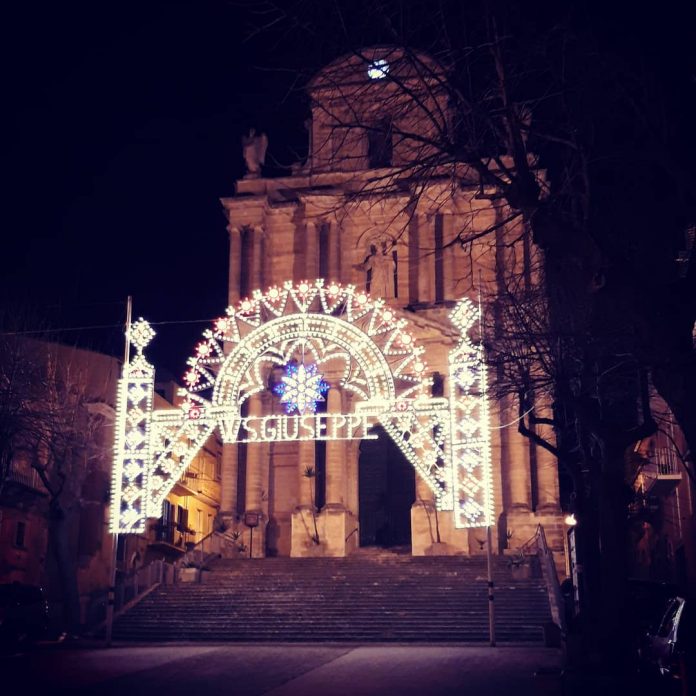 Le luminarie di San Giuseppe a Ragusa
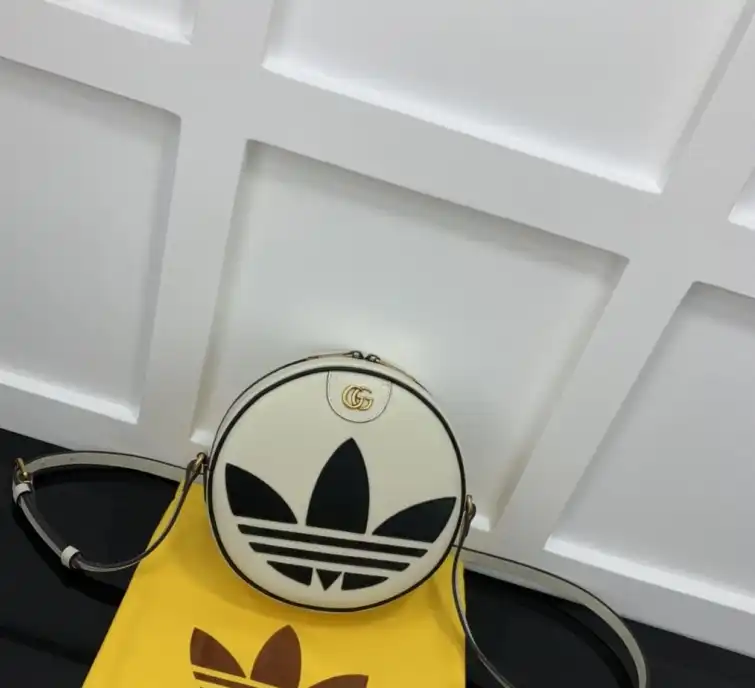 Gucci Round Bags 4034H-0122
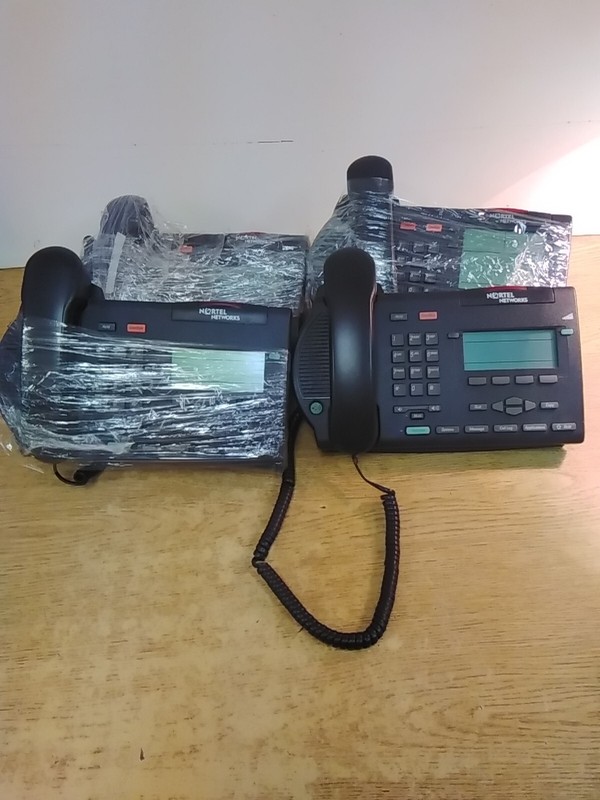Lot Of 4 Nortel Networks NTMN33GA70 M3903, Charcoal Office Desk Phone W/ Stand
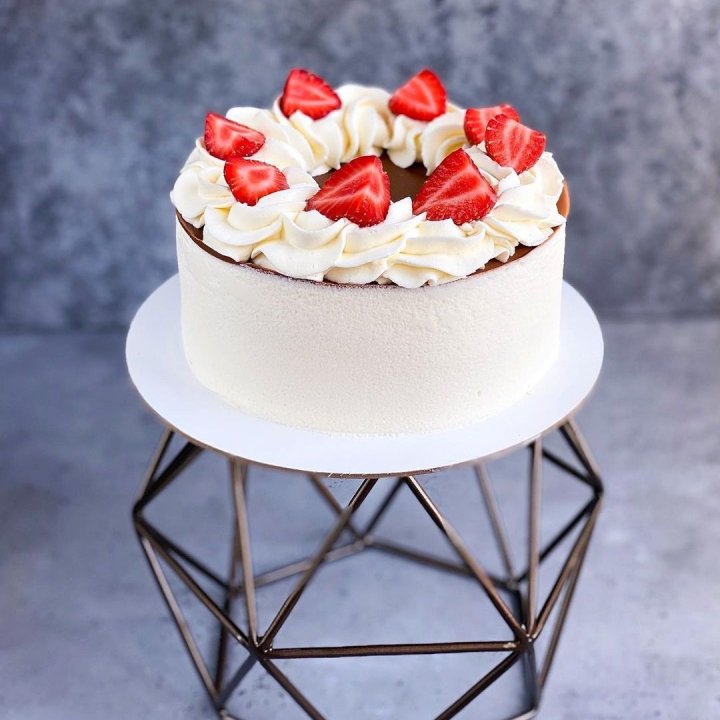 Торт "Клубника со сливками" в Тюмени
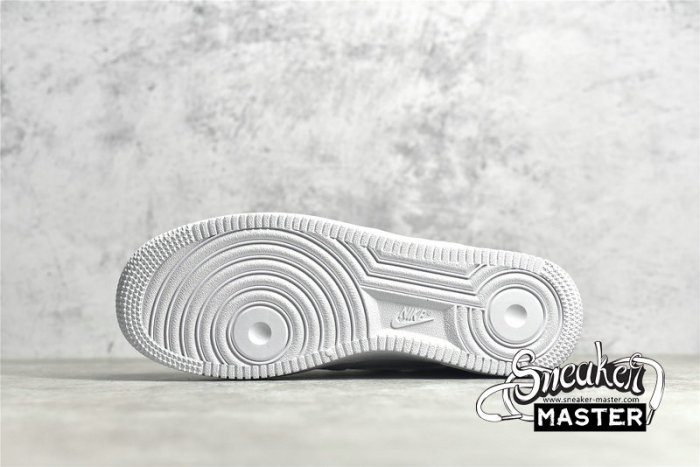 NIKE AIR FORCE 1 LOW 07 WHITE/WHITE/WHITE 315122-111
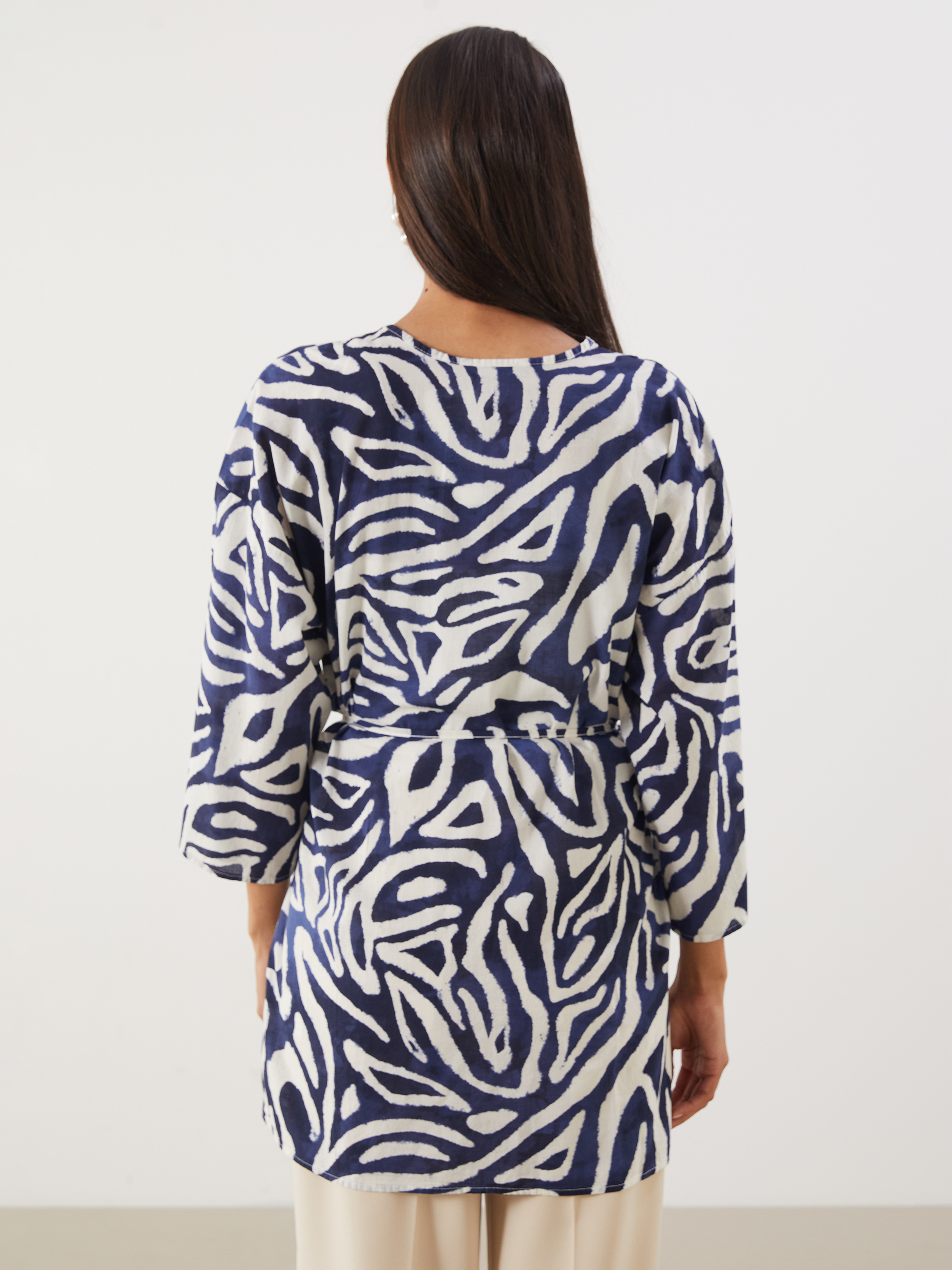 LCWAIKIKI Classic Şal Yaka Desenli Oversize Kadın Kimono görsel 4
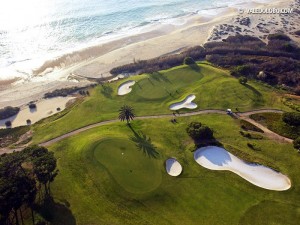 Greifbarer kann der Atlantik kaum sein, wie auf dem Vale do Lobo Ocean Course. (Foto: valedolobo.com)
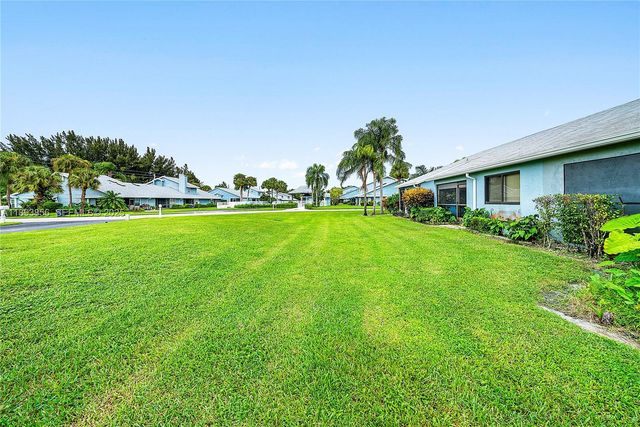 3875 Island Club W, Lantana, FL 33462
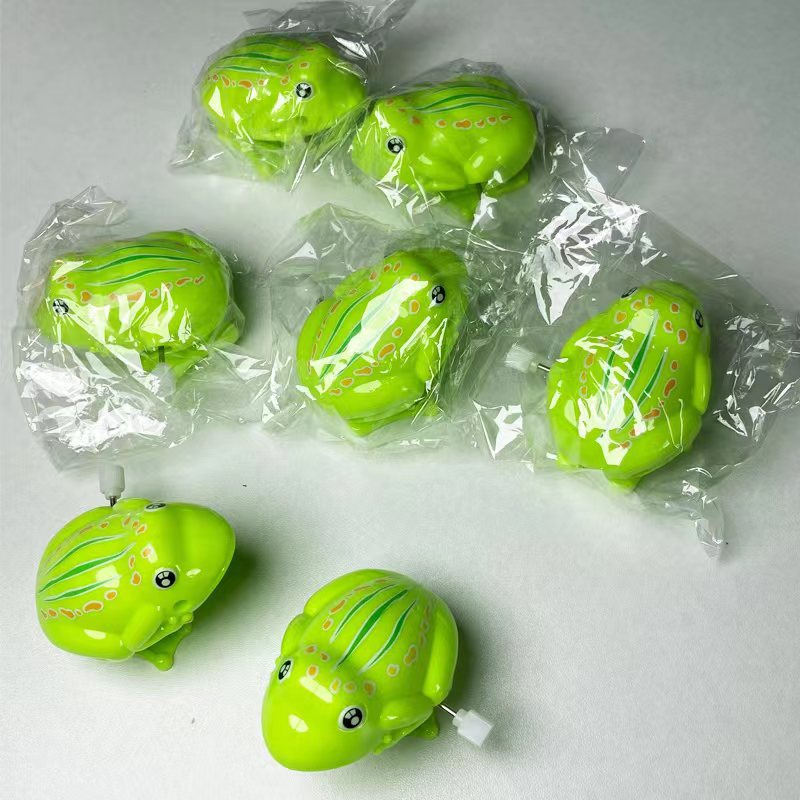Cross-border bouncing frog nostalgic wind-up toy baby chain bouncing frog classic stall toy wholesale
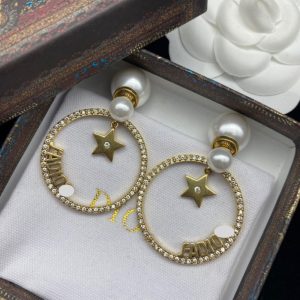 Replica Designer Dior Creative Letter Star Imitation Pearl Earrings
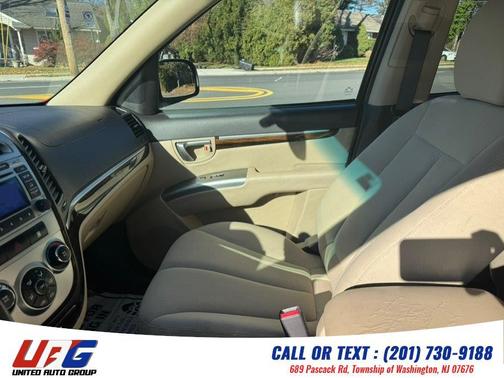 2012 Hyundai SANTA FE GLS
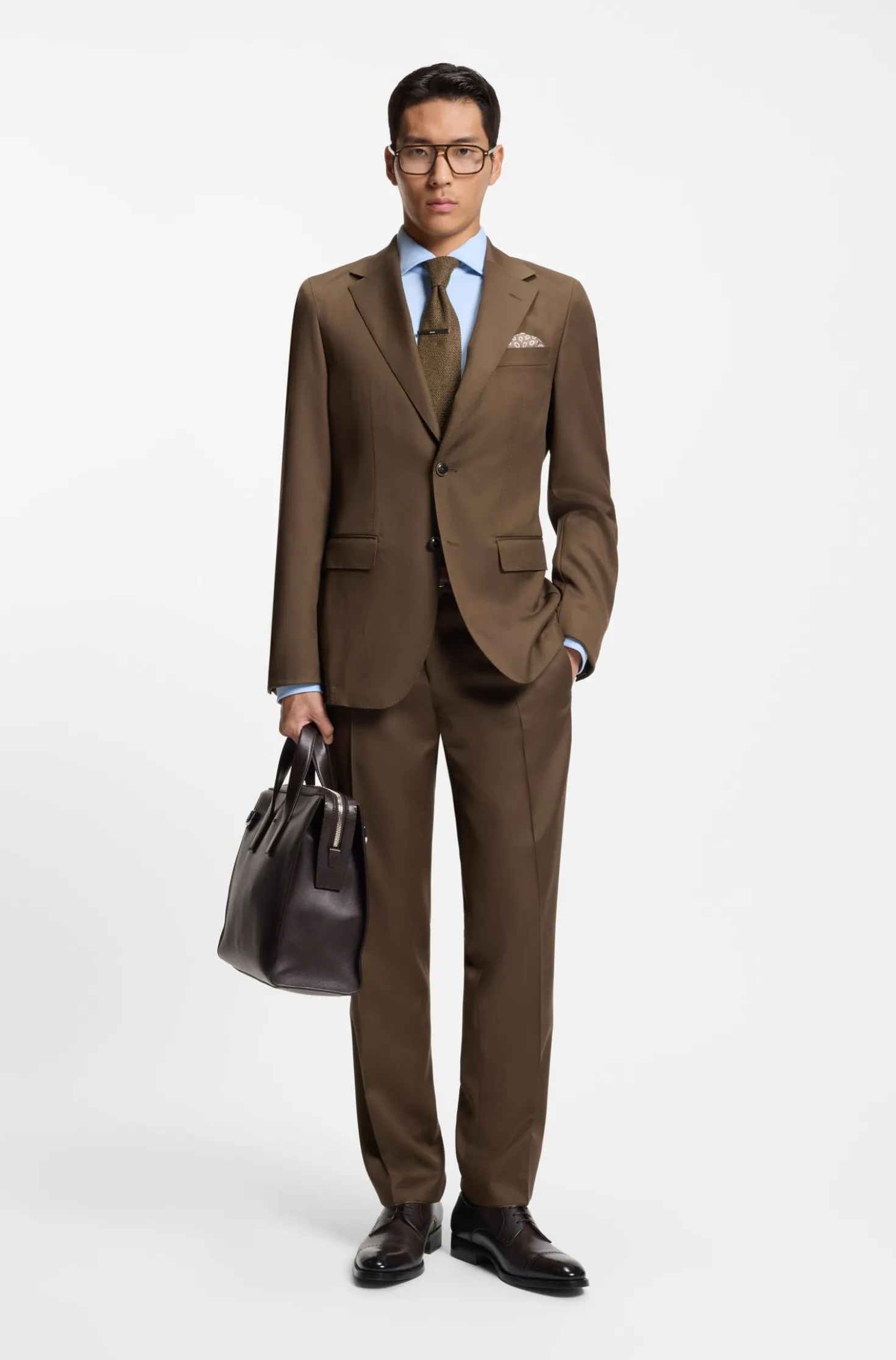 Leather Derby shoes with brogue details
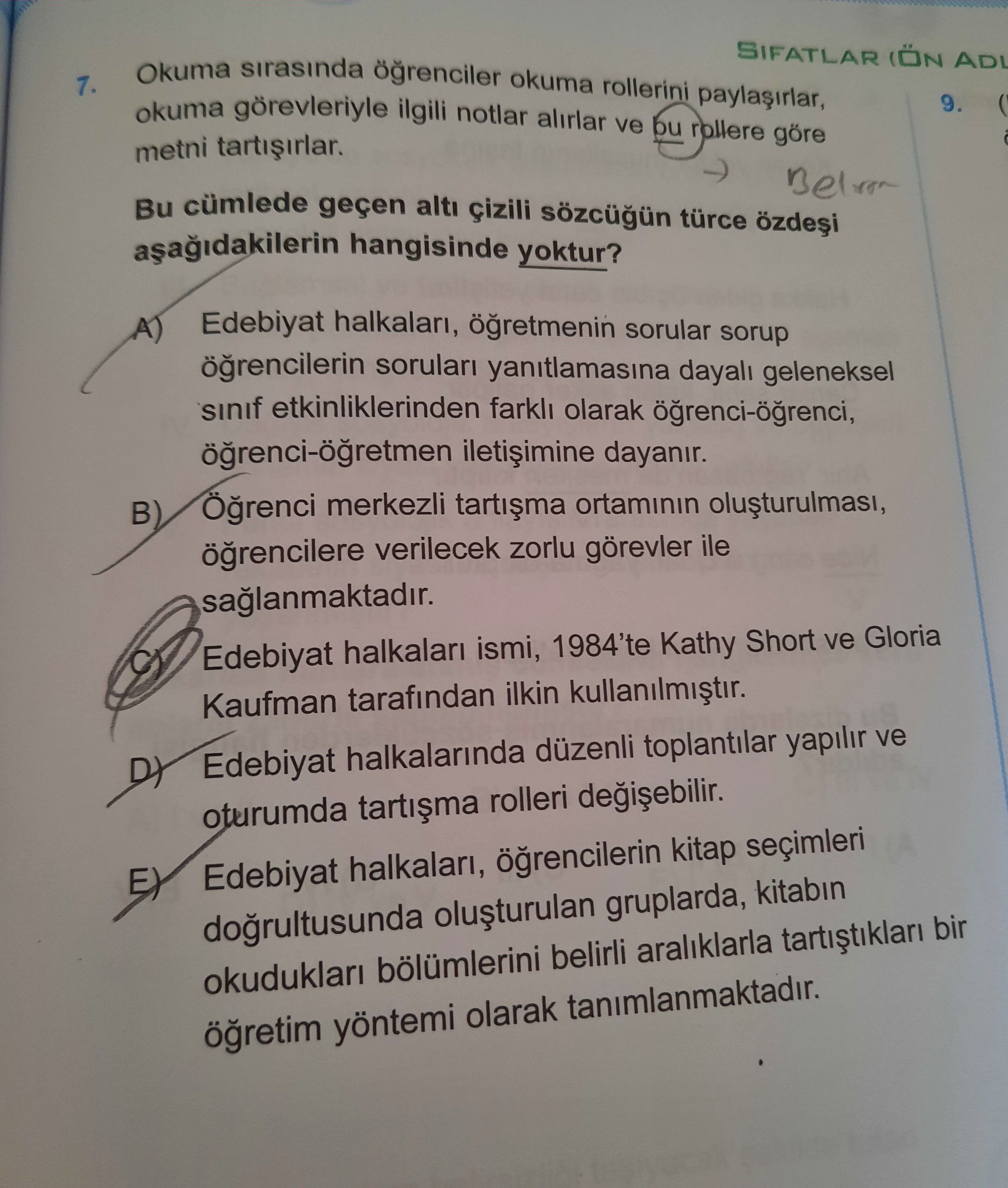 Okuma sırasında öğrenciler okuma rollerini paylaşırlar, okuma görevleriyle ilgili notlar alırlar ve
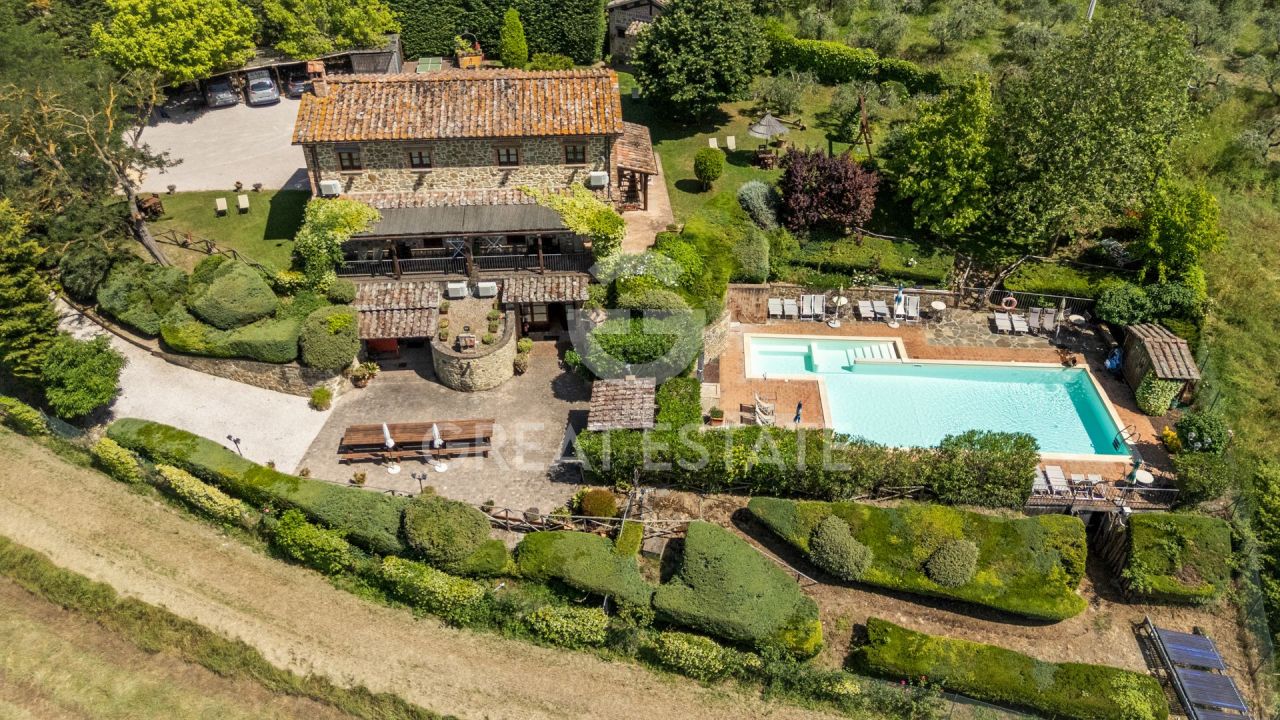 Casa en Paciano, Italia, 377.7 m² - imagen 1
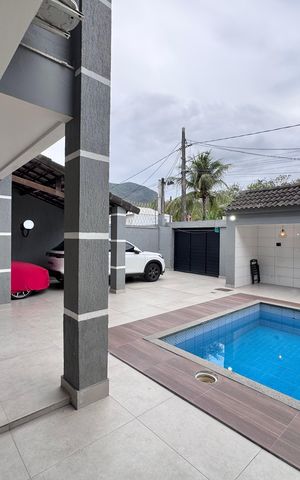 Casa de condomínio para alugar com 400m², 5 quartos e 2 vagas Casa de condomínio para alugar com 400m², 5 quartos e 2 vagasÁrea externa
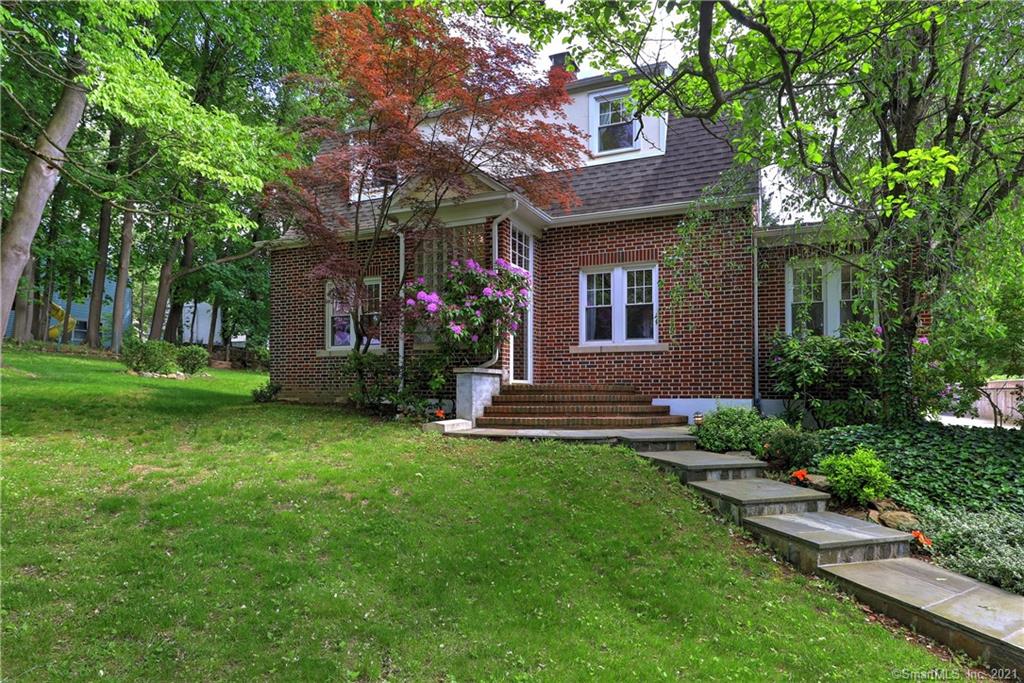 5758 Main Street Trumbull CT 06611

▸ Task to carry out
What you return should be the exact lines from the one containing "Casa en Paciano, Italia, 377.7 m² - imagen 1" through the end of the listing above, both included, minus any pictures.

▸ Task result
 Casa en Paciano, Italia, 377.7 m² - imagen 1
 Casa de condomínio para alugar com 400m², 5 quartos e 2 vagas Casa de condomínio para alugar com 400m², 5 quartos e 2 vagasÁrea externa
 5758 Main Street Trumbull CT 06611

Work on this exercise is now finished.